特別な才能もカリスマ性も必要ありません。ただ、相手への本物の関心を持ち、小さな習慣を積み重ねる。それだけです。
本記事でご紹介した17の習慣を、すべて一度に実践しようとする必要はありません。まず一つ、「今日から笑顔で先に挨拶しよう」「今日は聴くことに徹してみよう」——そんな小さな一歩が、あなたの人間関係を確実に変えていきます。

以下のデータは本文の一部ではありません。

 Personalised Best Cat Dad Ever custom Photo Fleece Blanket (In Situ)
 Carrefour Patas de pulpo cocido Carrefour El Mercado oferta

「感じの良い人」は、生まれつきではなく、習慣によってつくられます。
そして、習慣は今日この瞬間から変えられます。
ぜひ、この記事を読んだ今日から、一つだけ実践してみてください。あなたの周囲の反応が少しずつ変わり始めることを、きっと実感できるはずです。
よくある質問(FAQ)
Q. 感じの良い人になろうとすると、不自然になってしまいます
A. 最初は意識的でも、続けるうちに自然になります。運動と同じで、筋肉をつけるには最初は意識的に動く必要があります。「習慣になるまでの違和感」は正常なプロセスです。3週間続けると自然な行動になると言われています。
Q. 職場の一部の人にどうしても好かれません
A. 全員に好かれることは現実的ではありませんし、必要もありません。感じの良い人を目指すのは「全員に好かれること」ではなく「不必要に嫌われない、誰にでも誠実に向き合う」ことです。相性が合わない人はいます。それは自然なことです。
Q. 内向的な人でも感じの良い人になれますか?
A. もちろんです。感じの良さは外向的・内向的な性格とは無関係です。むしろ内向的な人は「聴く力」が高く、深い信頼関係を築くのが得意な傾向があります。
Q. 「感じが良い」と「おべっかを使う」は違いますか?
A. まったく違います。おべっかは相手を喜ばせるために本心とは違うことを言うことです。感じの良い人は本心から相手を気遣い、本心から感謝し、本心から賞賛します。本物かどうかは、相手に必ず伝わります。